Start of RECORDS FOR THIS EXERCISE

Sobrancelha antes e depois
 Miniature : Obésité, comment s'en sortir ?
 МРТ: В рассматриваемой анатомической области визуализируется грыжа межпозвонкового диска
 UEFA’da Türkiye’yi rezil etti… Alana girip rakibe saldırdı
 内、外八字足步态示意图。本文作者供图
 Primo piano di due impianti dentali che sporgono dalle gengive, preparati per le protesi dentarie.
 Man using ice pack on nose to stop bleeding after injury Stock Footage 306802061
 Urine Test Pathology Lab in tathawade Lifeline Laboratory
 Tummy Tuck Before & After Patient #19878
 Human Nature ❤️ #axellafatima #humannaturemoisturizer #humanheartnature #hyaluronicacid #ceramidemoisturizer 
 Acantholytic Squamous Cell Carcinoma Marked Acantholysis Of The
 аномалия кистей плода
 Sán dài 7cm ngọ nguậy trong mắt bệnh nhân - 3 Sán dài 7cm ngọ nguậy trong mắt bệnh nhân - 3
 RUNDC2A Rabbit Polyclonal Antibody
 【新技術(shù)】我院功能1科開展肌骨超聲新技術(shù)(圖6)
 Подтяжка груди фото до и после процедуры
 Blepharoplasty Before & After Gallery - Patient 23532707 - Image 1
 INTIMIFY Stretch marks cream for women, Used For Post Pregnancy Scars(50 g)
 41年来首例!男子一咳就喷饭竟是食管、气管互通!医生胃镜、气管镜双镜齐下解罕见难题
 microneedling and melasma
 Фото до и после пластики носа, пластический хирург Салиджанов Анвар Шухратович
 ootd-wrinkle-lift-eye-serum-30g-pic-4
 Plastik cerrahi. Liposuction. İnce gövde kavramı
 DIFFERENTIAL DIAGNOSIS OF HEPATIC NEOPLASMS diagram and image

End of RECORDS FOR THIS EXERCISE

- WORK REQUEST: Beginning at the line where "Plastik cerrahi. Liposuction." appears, extract each line through the end of the data above; keep them exact and include nothing else.

- RESPONSE BOX:
 Plastik cerrahi. Liposuction. İnce gövde kavramı
 DIFFERENTIAL DIAGNOSIS OF HEPATIC NEOPLASMS diagram and image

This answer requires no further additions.